META and SAT-KĀRYA-VĀDA

What is the connection between meta and sat-kārya-vāda?

Consider algebra - it is at a subtler level of thinking than arithmetic. Thus meta. And if one does some assessment or monitoring or scoring of one's own arithmetic or algebraic activity, including thinking of oneself as the doer, that activity becomes both reflexive as well as meta.

Now, consider the idea that arithmetic does not evolve into algebra as a meta activity, but instead that algebraic patterns, or an algebraic level of thinking, is a necessary precursor to understanding arithmetic patterns. This somewhat convoluted and back-to-front idea can be associated with the sat-kārya-vāda notion that just as physical effects come from physical causes, so do non-physical or mental effects from mental causes.

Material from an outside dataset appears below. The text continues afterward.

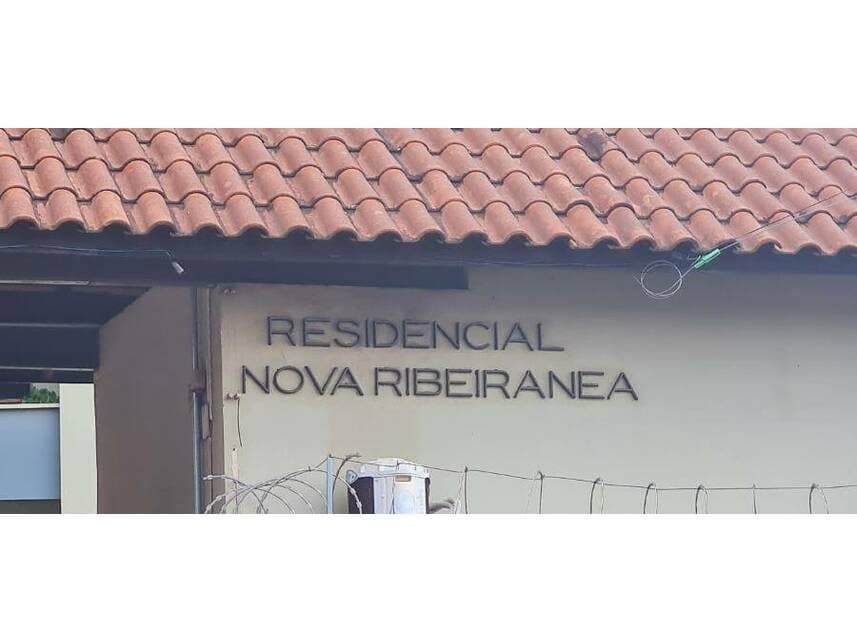 Foto 2 do imóvel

Please note that in Sāṁkhya-Yoga, mind and mental are also material, and mental activity is not the same as conscious activity. Thus, mind, and even intellect and ego, may be considered mechanically and algorithmically.

Putting them together, there are levels of thinking or mental levels which go from grosser to subtler as one goes from the outer physical world to mental inner world. One level is subtler than another if it is the cause of the other. Or if the other level manifests from the first. Subtler or meta activity occurs when attention shifts from one actual material - though mental - level to its causal level. It seems reasonable to assume that attention can also jump to non-sequential, yet ancestral, causal levels, perhaps to even the subtlest root causal level.

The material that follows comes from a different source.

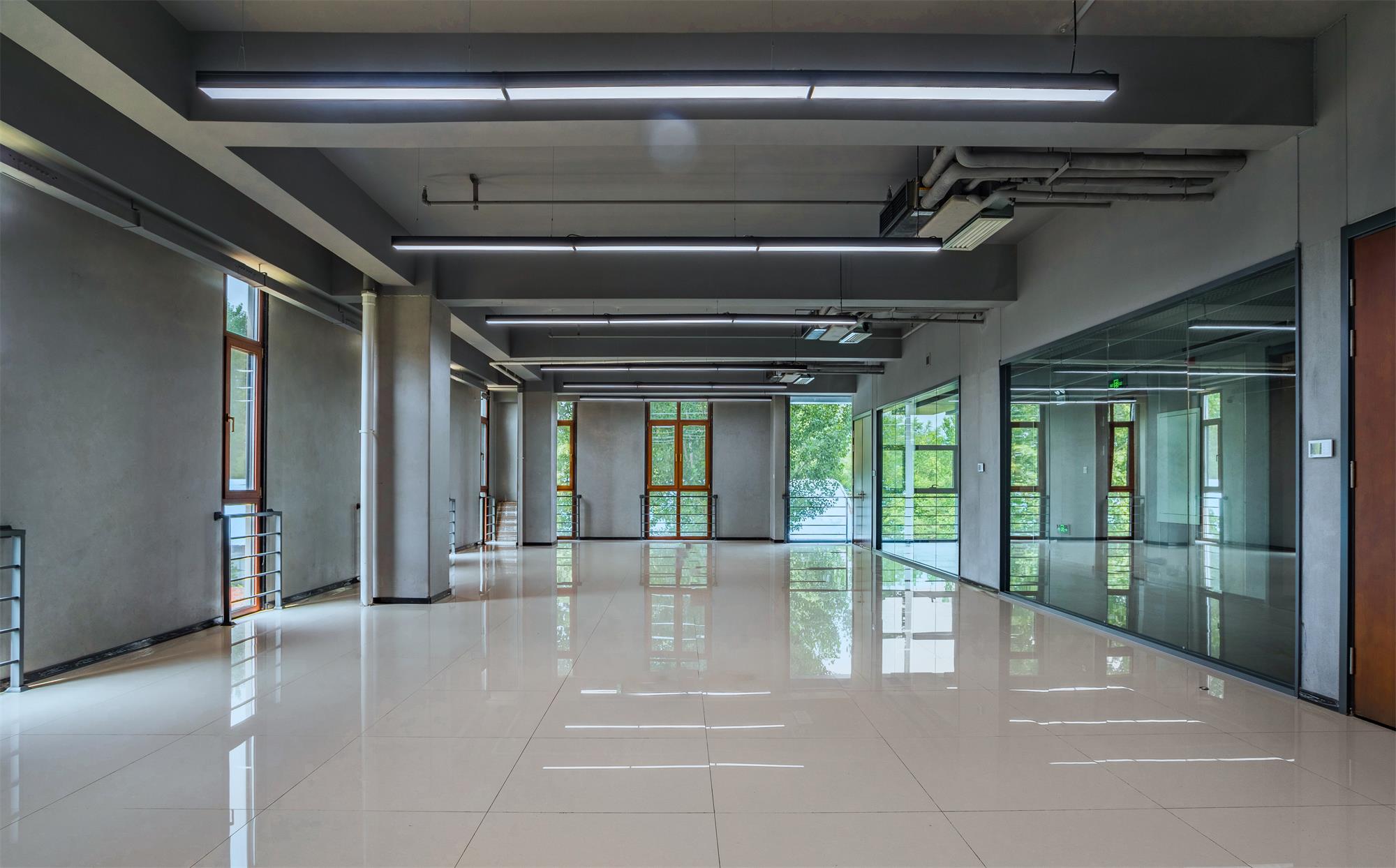 精品乱码一区内射人妻无码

SUBJECT-OBJECT AWARENESS  FOR ĀTMA

Two more points.

Consider this sentence: "I throw the ball". "I" is the subject, the ball is the object, and there is an action "throwing" by the subject "I"  upon the object. The awareness of subject, object, and action is a meta activity, and from the reasoning above, at a subtler level than the physical or mental activity. 

Now, if the highest or subtlest mental level or activity is reached, can there be any meta activity? An activity above the highest?

So all this reasoning was to get to a simple idea - there is no meta level for the higher self - ātma or puruṣa. Since, by definition, it is the subtlest level of a living being.

From an advaitic point of view, ātma (= brahman) is subtler than the mind. It cannot have awareness of itself as either subject or object as, being without parts or levels, there is no part or level to know another. And it just is, or there is only being, no doing.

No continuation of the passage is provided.